Menschenfalle. Moskauer Exil und stalinistische Inquisition

(Stand Oktober 2001)

Diese Fallstudie sucht die Verfolgungslogik einer "konterrevolutionären terroristischen, trotzkistischen Organisation" nachzuzeichnen, der vom NKWD nach dem Prinzip der Kontaktschuld zahlreiche deutsche Emigranten (Zenzl Mühsam, Carola Neher, Werner Hirsch, u.a.) zugerechnet wurden. Der anfängliche Versuch, den Leidensweg von Kreszentia Mühsam zu skizzieren, führte zur Rekonstruktion einer weitverzweigten, um Erich Wollenberg und Max Hoelz zentrierten Verschwörungsfiktion, die 1936/37 durch erfolterte "Geständnisse", durch die Amtshilfe des Komintern-Apparats und durch individuelle Denunziationen im Kontext des "Großen Terrors" entstand. In dieses Verschwörungskonstrukt sind zahlreiche reale Biographien verwoben, deren für "Parteisoldaten" typischer Verlauf und deren individueller Widerschein jedoch nur in den gebrochenen Formen von »Ego-Dokumenten«, fragmentarischer Erzählung und bürokratischer Überlieferung erscheinen. Erst durch die Rekonstruktion von Biographien kann in dem NKWD-Konstrukt einer "konterrevolutionären, trotzkistischen Hoelz-Wollenberg-Organisation" hinter der Fiktionalität der erfolterten "Geständnisse" und "Verhörprotokolle" jene bürokratisch organisierte Verfolgungspraxis und zugleich irrationale Terror-Logik des stalinistischen Herrschaftssystems genauer dargestellt werden.

Der Focus der Darstellung richtet sich dabei auch auf den Stalinismus "von oben", der sein manichäisches Weltbild durch Stalin-Direktiven, Politbüro-Beschlüsse, ZK-Rundschreiben und durch die zentral gesteuerte Propaganda als Partei- und Herrschaftsdiskurs, Feindbild, Verschwörungsphantasma und NKWD-Vernichtungsbefehl ausprägte. Zugleich beschreibt der Fall der fiktiven "Wollenberg-Hoelz-Organisation", daß die den Machtzentren der KPdSU nachgeordneten Bürokratien der Komintern, die Kaderabteilung des Exekutivkomitees Kommunistischen Internationale (Ekki) und der KPD-Apparat als Kontroll-, Selektions- und Verfolgungsmaschinerie erst durch den "Stalinismus von unten", d.h. durch die bereitwillige Initiative und Mithilfe von radikalisierten Funktionstätern und durch die massenhafte Denunziationspraxis ihre terroristische Gewalt und organisierte Willkür entfalten konnten.

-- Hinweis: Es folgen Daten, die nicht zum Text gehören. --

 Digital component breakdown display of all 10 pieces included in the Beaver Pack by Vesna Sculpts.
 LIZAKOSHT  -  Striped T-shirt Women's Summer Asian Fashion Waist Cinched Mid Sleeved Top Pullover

Terror von oben, bürokratische Funktionalität der "Organe" und "bolschewistische Wachsamkeit" von unten verschränkten sich in den dreißiger Jahren der Sowjetunion zu einer Herrschaft von Gewalt und Angst, deren traumatisch erlebte Mentalitätsprägungen und ideologische Zurichtungen sich noch heute im Alltagsbewußtsein vieler ehemaliger "Sowjetbürger" abzeichnen.